Updated: Apr 13, 2020
Everyone has heard the saying knowledge is power. So is true when we are talking about survival. Survival skill knowledge will empower you to survive in a wide variety of adverse situations and the best part is you don’t have to make extra room in your kit to carry them! Find yourself less prepared or not expecting a certain turn of events these are the things that are going to save your life.
For the most part learning is free. The modern age is very fortunate to have “The Internet” in this respect as we can find information on almost anything we would like to learn about. This article will cover a select few of these skills and help us prioritize them.
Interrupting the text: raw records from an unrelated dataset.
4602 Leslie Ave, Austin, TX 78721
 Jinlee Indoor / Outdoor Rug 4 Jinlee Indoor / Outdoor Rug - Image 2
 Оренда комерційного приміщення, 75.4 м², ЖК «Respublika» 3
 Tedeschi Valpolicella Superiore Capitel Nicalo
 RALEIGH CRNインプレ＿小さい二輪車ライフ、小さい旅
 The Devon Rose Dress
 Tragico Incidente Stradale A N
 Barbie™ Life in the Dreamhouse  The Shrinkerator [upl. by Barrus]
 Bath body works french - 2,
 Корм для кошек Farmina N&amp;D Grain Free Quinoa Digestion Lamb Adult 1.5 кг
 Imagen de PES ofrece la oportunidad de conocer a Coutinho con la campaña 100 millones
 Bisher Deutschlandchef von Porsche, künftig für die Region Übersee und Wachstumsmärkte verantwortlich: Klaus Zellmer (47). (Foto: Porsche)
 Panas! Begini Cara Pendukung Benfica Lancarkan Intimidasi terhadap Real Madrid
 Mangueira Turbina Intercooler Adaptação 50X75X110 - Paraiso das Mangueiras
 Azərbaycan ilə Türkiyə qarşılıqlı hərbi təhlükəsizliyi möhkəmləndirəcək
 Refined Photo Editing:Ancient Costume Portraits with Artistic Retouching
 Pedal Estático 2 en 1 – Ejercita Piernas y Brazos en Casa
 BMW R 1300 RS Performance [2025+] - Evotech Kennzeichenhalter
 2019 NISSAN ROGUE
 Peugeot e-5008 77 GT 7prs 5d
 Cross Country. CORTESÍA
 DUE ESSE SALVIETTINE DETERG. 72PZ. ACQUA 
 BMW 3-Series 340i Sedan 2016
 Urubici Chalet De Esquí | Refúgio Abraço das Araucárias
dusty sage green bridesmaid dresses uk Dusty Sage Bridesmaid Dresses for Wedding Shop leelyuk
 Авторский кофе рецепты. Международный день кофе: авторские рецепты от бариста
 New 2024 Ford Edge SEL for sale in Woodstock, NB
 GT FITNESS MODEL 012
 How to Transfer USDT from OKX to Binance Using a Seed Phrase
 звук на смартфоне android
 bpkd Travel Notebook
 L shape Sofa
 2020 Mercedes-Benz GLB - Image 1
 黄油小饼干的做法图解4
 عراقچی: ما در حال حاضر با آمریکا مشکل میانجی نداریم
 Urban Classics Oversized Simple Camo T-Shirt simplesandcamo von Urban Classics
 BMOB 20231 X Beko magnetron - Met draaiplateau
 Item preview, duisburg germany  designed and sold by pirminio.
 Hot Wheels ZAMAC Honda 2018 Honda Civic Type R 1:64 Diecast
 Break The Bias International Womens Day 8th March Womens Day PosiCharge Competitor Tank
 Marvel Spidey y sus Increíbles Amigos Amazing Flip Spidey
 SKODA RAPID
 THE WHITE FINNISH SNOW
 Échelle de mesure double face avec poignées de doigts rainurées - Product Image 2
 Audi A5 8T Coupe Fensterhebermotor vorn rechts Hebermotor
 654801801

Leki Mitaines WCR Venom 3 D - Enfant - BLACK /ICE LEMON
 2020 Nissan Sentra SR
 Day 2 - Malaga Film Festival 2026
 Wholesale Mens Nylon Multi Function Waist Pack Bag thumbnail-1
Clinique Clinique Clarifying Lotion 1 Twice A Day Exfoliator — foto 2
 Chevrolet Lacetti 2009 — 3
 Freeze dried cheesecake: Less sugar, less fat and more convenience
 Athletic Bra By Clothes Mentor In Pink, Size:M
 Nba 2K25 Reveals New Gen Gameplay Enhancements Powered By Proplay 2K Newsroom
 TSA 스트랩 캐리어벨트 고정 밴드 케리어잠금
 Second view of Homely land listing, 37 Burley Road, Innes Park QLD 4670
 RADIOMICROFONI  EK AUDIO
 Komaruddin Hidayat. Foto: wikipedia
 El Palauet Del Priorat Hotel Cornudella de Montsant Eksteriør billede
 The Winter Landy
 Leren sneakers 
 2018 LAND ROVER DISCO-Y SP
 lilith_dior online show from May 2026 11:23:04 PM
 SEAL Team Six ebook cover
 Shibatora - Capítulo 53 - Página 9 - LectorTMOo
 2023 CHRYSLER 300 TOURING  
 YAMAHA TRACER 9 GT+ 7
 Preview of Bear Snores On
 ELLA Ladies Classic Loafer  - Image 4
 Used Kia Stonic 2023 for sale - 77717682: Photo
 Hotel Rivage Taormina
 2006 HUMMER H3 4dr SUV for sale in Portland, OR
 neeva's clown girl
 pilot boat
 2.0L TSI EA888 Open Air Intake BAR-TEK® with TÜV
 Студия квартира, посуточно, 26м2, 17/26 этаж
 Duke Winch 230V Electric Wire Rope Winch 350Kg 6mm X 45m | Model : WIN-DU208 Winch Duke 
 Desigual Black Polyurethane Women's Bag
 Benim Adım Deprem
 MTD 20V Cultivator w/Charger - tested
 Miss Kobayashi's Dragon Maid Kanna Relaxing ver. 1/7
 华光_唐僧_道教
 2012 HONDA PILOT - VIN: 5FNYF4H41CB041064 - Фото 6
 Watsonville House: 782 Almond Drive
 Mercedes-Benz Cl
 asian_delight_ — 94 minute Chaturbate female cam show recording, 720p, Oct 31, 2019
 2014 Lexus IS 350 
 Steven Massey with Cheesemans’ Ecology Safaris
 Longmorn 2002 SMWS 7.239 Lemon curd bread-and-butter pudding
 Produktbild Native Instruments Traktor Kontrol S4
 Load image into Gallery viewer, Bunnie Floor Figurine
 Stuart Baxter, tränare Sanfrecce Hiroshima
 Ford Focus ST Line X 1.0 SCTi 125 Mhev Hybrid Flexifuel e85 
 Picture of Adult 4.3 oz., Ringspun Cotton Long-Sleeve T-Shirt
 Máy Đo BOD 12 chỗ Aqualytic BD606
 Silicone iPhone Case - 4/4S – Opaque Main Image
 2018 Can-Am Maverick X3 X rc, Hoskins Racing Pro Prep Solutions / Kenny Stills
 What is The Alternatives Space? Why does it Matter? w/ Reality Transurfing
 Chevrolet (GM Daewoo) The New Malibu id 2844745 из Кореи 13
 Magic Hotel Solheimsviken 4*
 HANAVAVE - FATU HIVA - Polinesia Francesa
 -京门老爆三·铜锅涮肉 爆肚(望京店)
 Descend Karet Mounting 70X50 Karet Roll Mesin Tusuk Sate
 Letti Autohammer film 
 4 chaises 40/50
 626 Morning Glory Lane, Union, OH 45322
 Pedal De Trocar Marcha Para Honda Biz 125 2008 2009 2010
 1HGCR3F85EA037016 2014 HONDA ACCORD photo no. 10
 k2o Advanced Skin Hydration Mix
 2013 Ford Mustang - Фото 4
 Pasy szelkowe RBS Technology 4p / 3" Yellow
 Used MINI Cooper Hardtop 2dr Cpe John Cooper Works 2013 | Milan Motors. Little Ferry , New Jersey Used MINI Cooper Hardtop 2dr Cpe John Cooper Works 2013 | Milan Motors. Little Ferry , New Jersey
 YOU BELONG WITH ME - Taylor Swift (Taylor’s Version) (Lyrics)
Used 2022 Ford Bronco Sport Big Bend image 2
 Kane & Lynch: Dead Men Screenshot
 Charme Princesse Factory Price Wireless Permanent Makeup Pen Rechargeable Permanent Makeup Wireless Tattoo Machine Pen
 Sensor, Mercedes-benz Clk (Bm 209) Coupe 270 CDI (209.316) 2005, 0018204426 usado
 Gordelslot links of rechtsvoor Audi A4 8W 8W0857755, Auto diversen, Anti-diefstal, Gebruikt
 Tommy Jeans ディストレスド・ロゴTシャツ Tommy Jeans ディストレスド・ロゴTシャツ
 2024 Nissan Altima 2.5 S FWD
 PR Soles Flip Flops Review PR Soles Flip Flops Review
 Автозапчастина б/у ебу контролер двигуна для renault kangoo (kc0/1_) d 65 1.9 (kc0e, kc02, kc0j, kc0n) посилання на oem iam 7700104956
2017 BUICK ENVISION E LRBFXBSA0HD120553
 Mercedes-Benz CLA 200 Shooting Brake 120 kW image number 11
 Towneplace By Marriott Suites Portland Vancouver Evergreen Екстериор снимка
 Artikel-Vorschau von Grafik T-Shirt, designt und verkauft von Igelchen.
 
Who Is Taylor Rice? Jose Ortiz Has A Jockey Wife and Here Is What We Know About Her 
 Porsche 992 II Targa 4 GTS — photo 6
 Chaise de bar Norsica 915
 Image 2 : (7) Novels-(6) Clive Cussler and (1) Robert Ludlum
The average human body needs to consume approximately 3.7 liters or 64 ounces of water each day to stay healthy and hydrated. Firstly “YOU CANT DRINK SALT WATER”! Just wanted to get that one out of the way if you live in a costal area on the ocean you need to look for fresh water either from inland areas of fresh rainwater unless you have a desalination device handy this is going to be your best bet water distillation is another option we will talk about below. We are lucky here in the U.S. as there are many sources of fresh water nearby for most of us. Lakes, Ponds, Rivers, creeks, and streams all hold an abundance of this necessary resource, however clear running water tends to be the best choice. In a bug out or preparation scenario a hand pumped well is an awesome find, as wells provide safe drinking water so long as the water source itself hasn’t been contaminated. Ok so you found your freshwater time to start drinking up and get hydrated right? No wrong! We want to make sure we have clean water to drink which a lot of times means we need to process it. Drinking contaminated water can and will lead to gastrointestinal issues leaving you sick and more dehydrated then when you chose to take a drink.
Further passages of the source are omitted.